As a non-fiction writer, John Ehle published three biographies, his account of the Civil Rights Movement in Chapel Hill, The Free Men, and The Cheeses and Wine of England and France, with Notes on Irish Whiskey.
It is striking to compare his career with that of Wilma Dykeman’s across the Smoky Mountains in Tennessee. Both stood publically for civil rights at a really crucial time and wrote books about race relations; both served in government; both portrayed regional history in novels, both wrote books of non-fiction as well as fiction, and both married notable and prosperous partners. The greatest contrast to me was their public speaking. Dykeman was very poised and formal, but Ehle was much more informal. I remember a public Ehle reading when he got so tickled by a passage he read from The Land Breakers (not the snake scene) that he couldn't stop laughing.
John Ehle was as comfortable hobnobbing with the wealthy as he was with the most humble, and he was a very generous person. He was the only person who ever invited my late wife, our seven children, and me to a restaurant meal.
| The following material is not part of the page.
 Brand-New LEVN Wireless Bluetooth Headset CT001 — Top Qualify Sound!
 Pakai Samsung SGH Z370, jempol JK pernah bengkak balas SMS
He brought a car-load of remainder books - Innocent Bigamy by Olive Tilford Dargan - from Winston-Salem to me in Berea one January; he even let me drive him to the Lexington airport from Berea in his sports car and use it until I came to pick him up, and he invited my family to visit him at Penland for a cook-out where we met his daughter, Jennifer, a distinguished actress in her own right. John Ehle was a thoughtful person with a wide range of interests, but he was not naturally gregarious. Conversations with him were likely to be filled with long silences punctuated with wit, striking observations and intriguing juxtapositions.
John Ehle was much more than one of our region’s most distinguished writers. He was a courageous and exemplary and accomplished citizen, as well as a caring and compassionate person.
AWARDS
Blood at the Root: A Racial Cleansing in America won one of the American Book Awards presented for 2017 by the Before Columbus Foundation.
Nominated for Transylvania University’s Judy Gaines Young Book Award presented to the author of a book of distinction from the Appalachian Region for 2018 are:
Galaxie Wagon by Darnell Arnoult
Trampoline by Robert Gipe
Small Treasons by Robert Powell
The Weatherford Awards were established by the late Al Perrin in 1970 under the aegis of Berea College to honor W. D. Weatherford and later his son, Willis Weatherford, pioneers in service to Berea College and to Appalachian Studies. They honored a book each year deemed to be the most outstanding of books related to the Southern Appalachian Region. In the year 2000, the Appalachian Studies Association became a joint sponsor of the Award, and beginning in 2003 two awards were given – in fiction and non-fiction. In 2010 a third award – for poetry - was established in honor of Grace Toney Edwards.
For 2017 the award in fiction has been given to The Last Ballad by Wiley Cash. James Still: A Life by Carol Boggess received the award for non-fiction. The poetry award went to Palindrome by Pauletta Hansel. Finalists in poetry are American Purgatory by Rebecca Gayle Howell and Planet of the Best Love Songs by Ron Houchin. Finalists in non-fiction are The Life and Work of John C. Campbell by Olive Dame Campbell edited by Elizabeth McCutchen, The Industrialist and the Mountaineer: The Eastham-Thompson Feud and the Struggle for Wet Virginia’s Timber Frontier by Ron Lewis and The Rebel in the Red Jeep: Ken Hechler’s Life in West Virginia Politics by Carter Taylor Seaton. Finalists for fiction are Fire Is Your Water by Jim Minick, Monsters in Appalachia by Sheryl Monks, and The Animators by Kayla Rae Whitaker.